The task ▸ Take the line containing "lovelyshantal's BongaCams show and profile" and every line after it to the end of the material below; reproduce them exactly, without pictures.

......

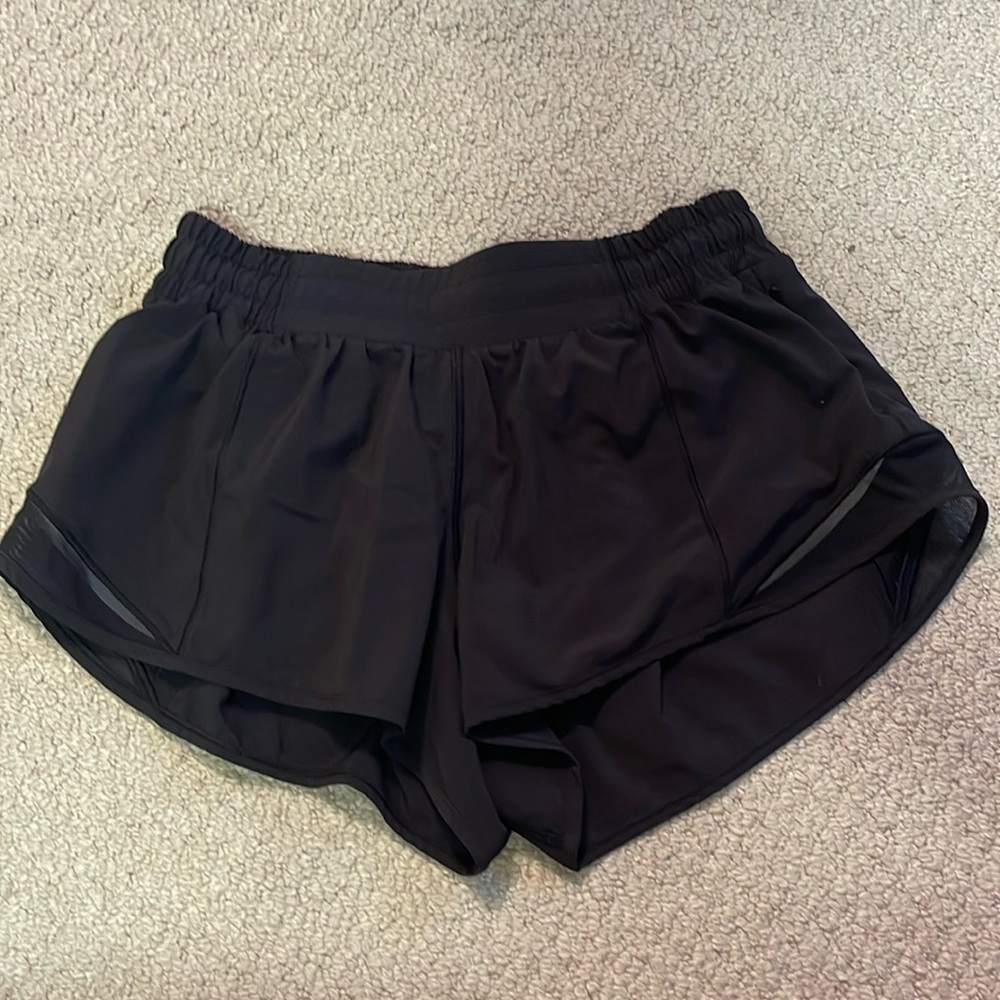 Lulu Lemon hotty hot shorts
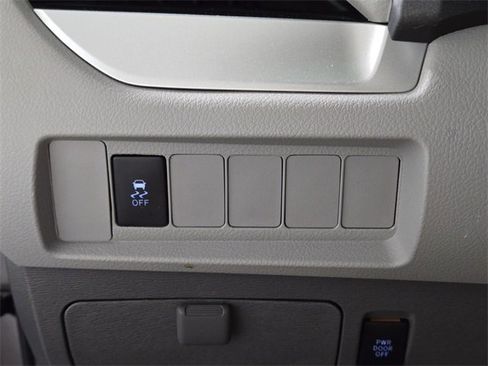 Used 2019 Toyota Sienna LE image 25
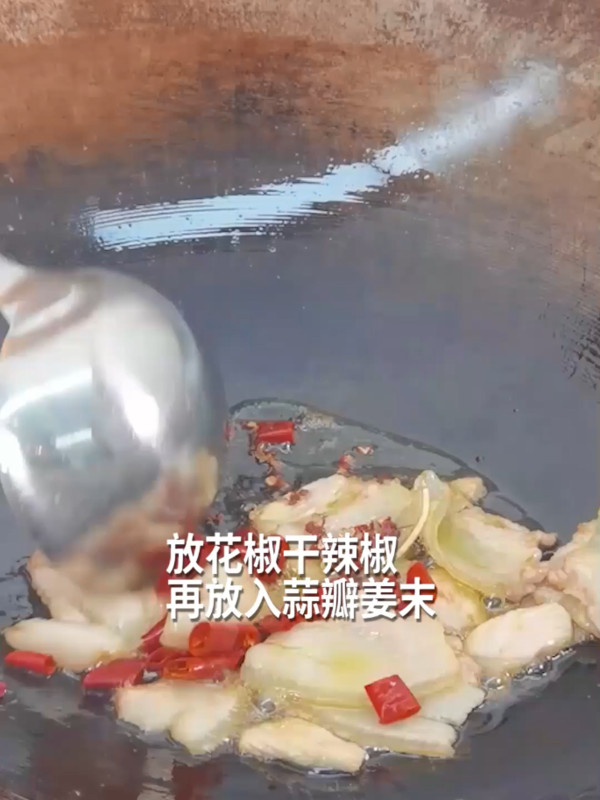 干鍋花菜簡單做法,1分鐘教學(xué)搞定,不焯的做法-香辣味炒菜譜-易網(wǎng)健康養(yǎng)生網(wǎng) 干鍋花菜簡單做法,1分鐘教學(xué)搞定,不焯的做法-香辣味炒菜譜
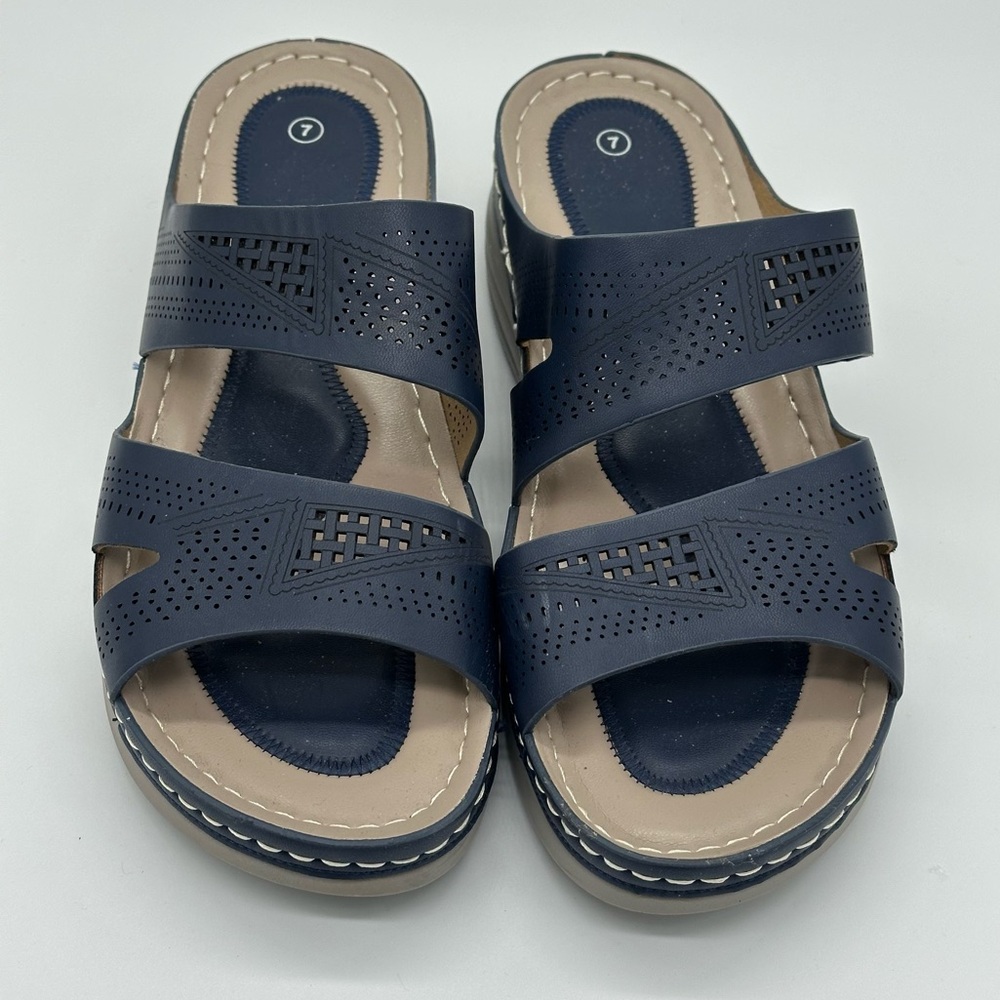 Navy women’s sandals size 7M.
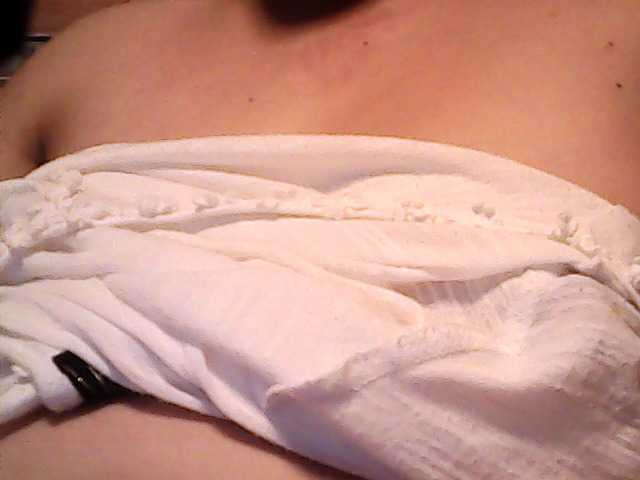 lovelyshantal's BongaCams show and profile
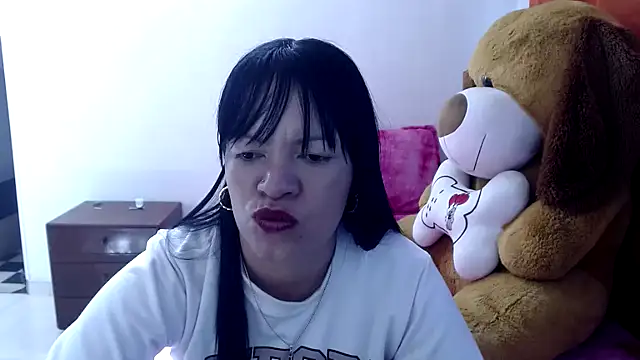 Chat XXX ao vivo de Cristal_w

......

Exercise solution ▸
 lovelyshantal's BongaCams show and profile
 Chat XXX ao vivo de Cristal_w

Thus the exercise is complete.